Hackers

Heroes of the Computer Revolution (25th Anniversary Edition)

50 years of hacking, from the people behind 2600

Hackers is a story, beginning in the U.S. in the 1950s, about how we got to the personal computer in the early 1980s. It’s told as series of chapters that follow some of the individuals involved in building the computer industry.

It covers about 50 years from the original hackers in the 1950s and 60s, the hardware hackers of the 1970s the created the first personal computes, and into the 1980s with the emergence of the personal computer software market.

Each section focuses on one period of time starting with Cambridge (Massachusetts) at MIT’s artificial intelligence laboratory, before moving to northern California for the middle section, Washington State for the 1980s and back to Cambridge.
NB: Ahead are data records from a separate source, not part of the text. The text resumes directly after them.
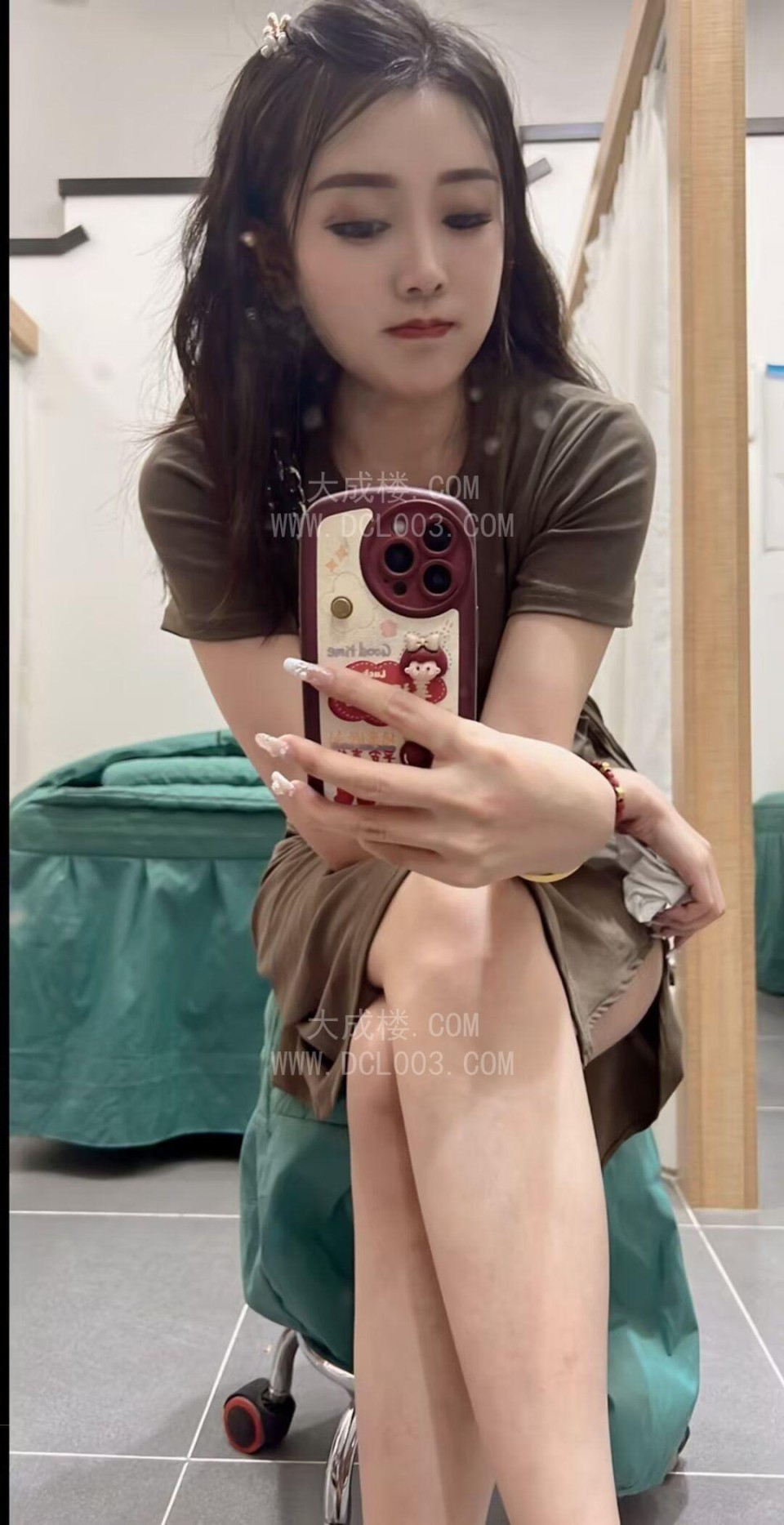 活泼的甜甜小可爱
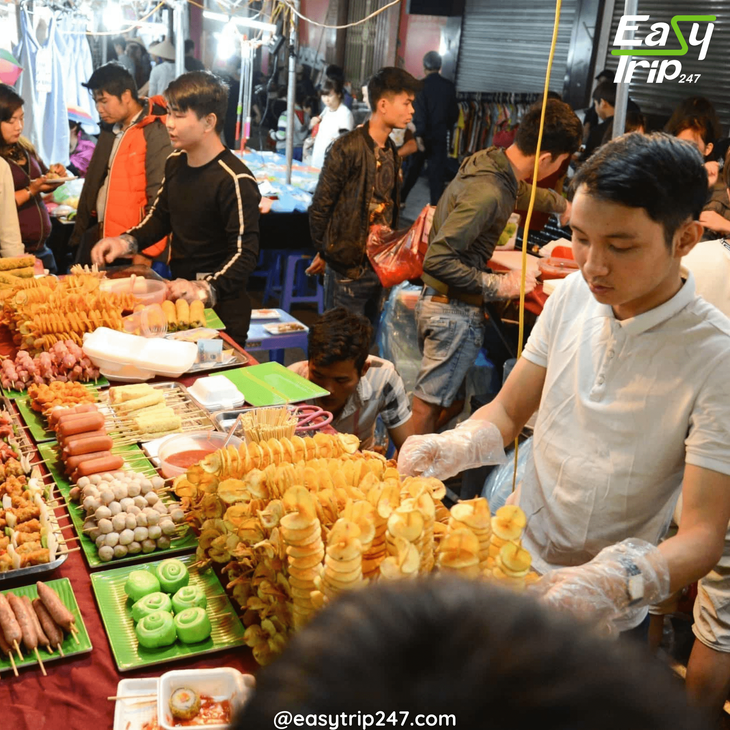Walking-Tour-In-Hanoi-How-To-Avoid-Getting-Hangry-And-Stay-Energized-2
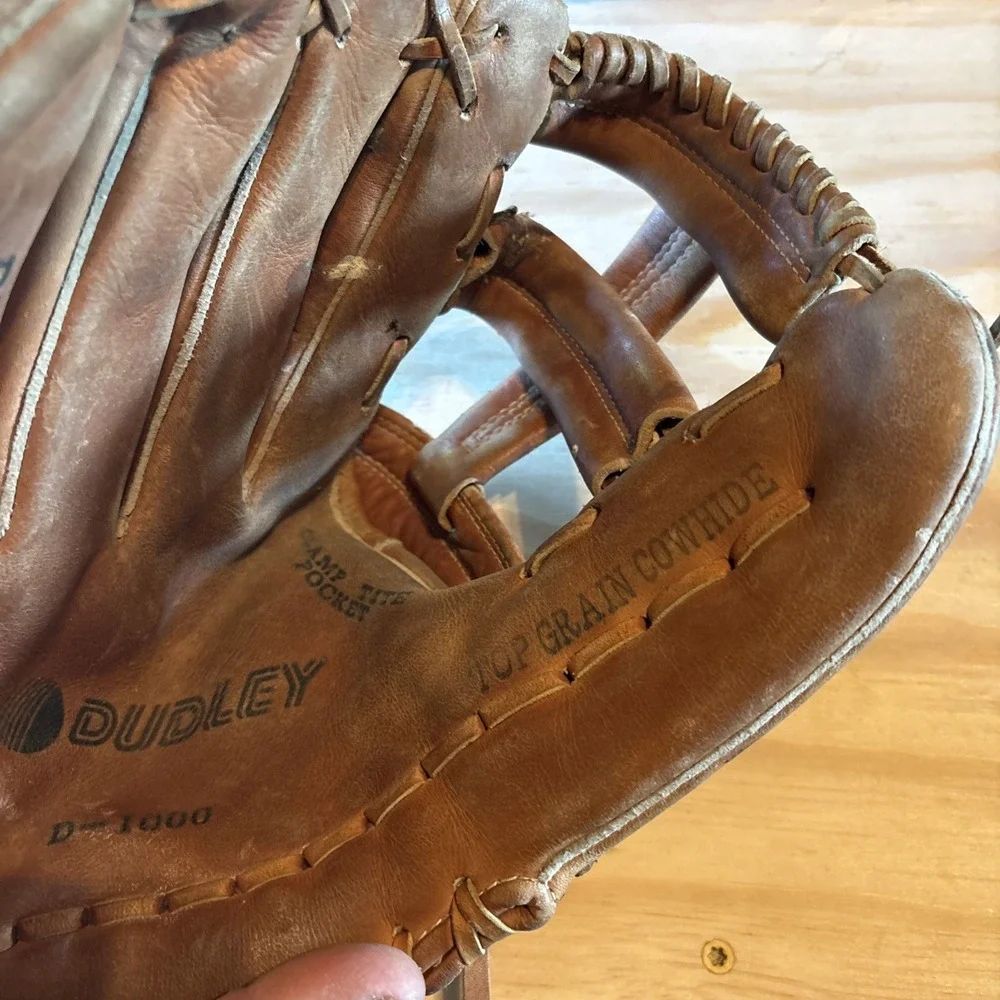 Dudley D-1000 Pro Model Baseball Softball Leather Glove Left Hand Throw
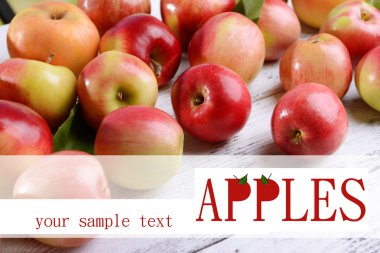 ahşap zemin üzerinde tatlı elma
The 1970s chapter is probably most familiar to readers, the decade seeing the birth of the early personal computers from the Altair, the Commodore PET, and of course the Apple 2, though there is actually a lot more stories than those. The 1970s is often seen as the decade when a lot of the ideas floated in the 1960s spread into the broader culture and there is a lot intermixing between the computer pioneers and the egalitarian social ideas then current that doesn’t show up until the early days of the Internet about 20 years later.
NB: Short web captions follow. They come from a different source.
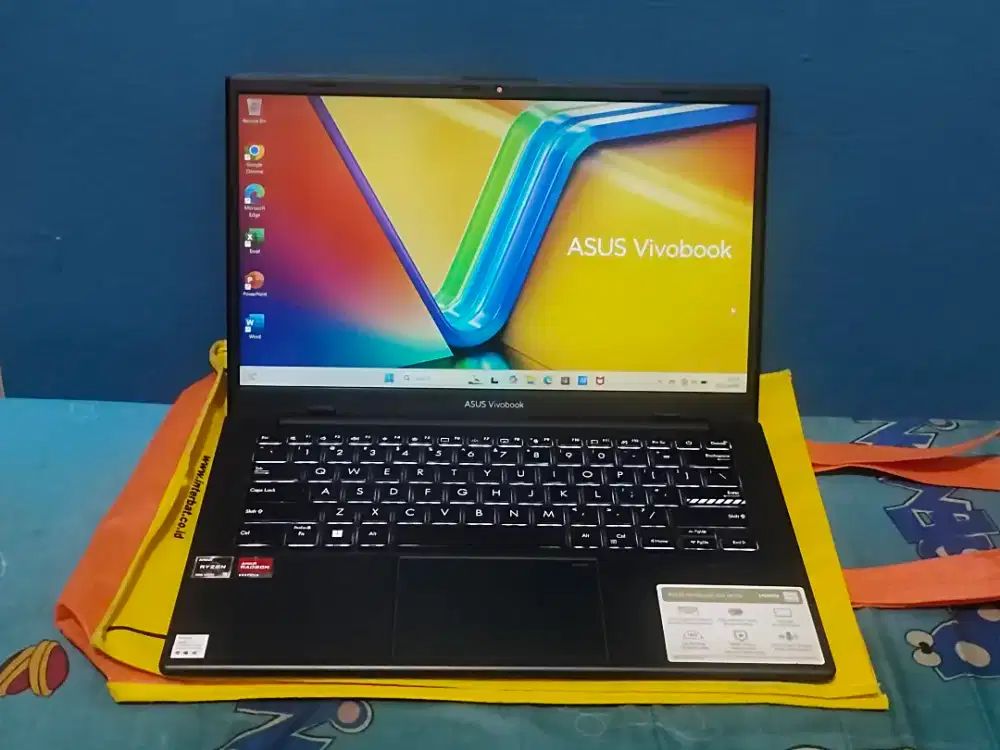 Jual laptop asus e1404fa amd ryzen 3-7320u mulus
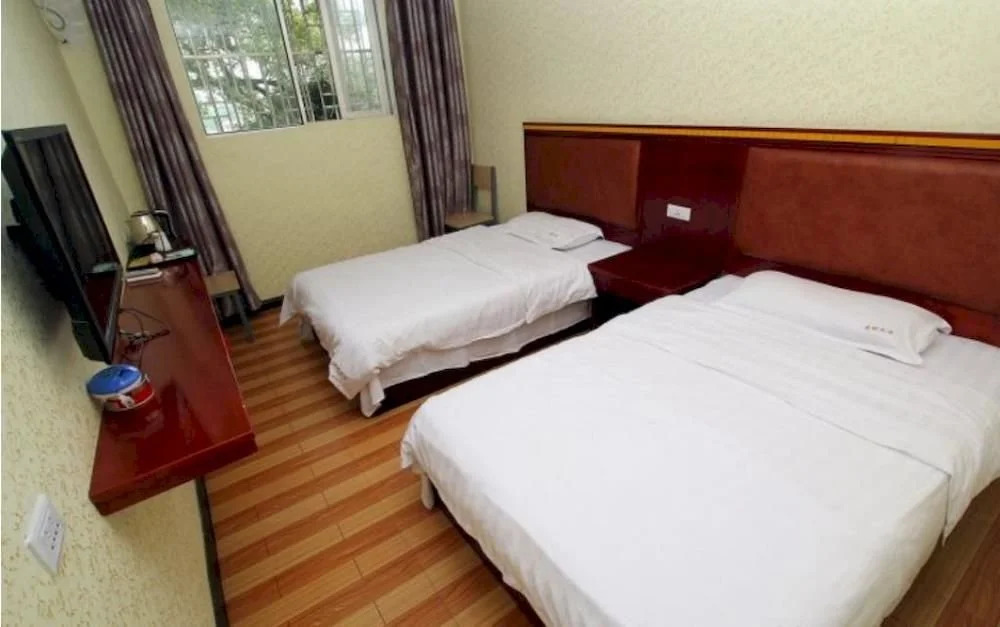Yunshu Hotel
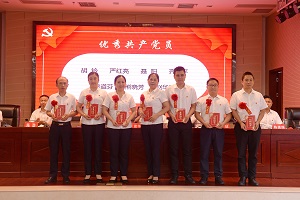 12  优秀共产党员...jpg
By the end of the 1970s, a software market started to develop and the last section focuses on the founding of Sierra On-Line (a company the hitched itself to the IBM PC) and its founder Ken Williams. This chapter is pretty interesting as Ken comes across as someone who started out reading books full of John Gault-like characters (a character from an Ayan Rand story who makes the world conform to their will), became a bit of a hacker and then applied those skills to running a business- more or less successfully. On the other hand, there people like John Harris who seem like the complete opposite.

See also  Code Craft

In The Myths of Innovation the author describes history not as set of points but a series of situations where events could have gone equally in several directions, this book looks at a lot of situations. helpfully, the book starts with a “who-who” in case you have trouble mixing up “Altair 8800” and “Atari 800” or the various Bills, Bob and Dougs who show up in the book.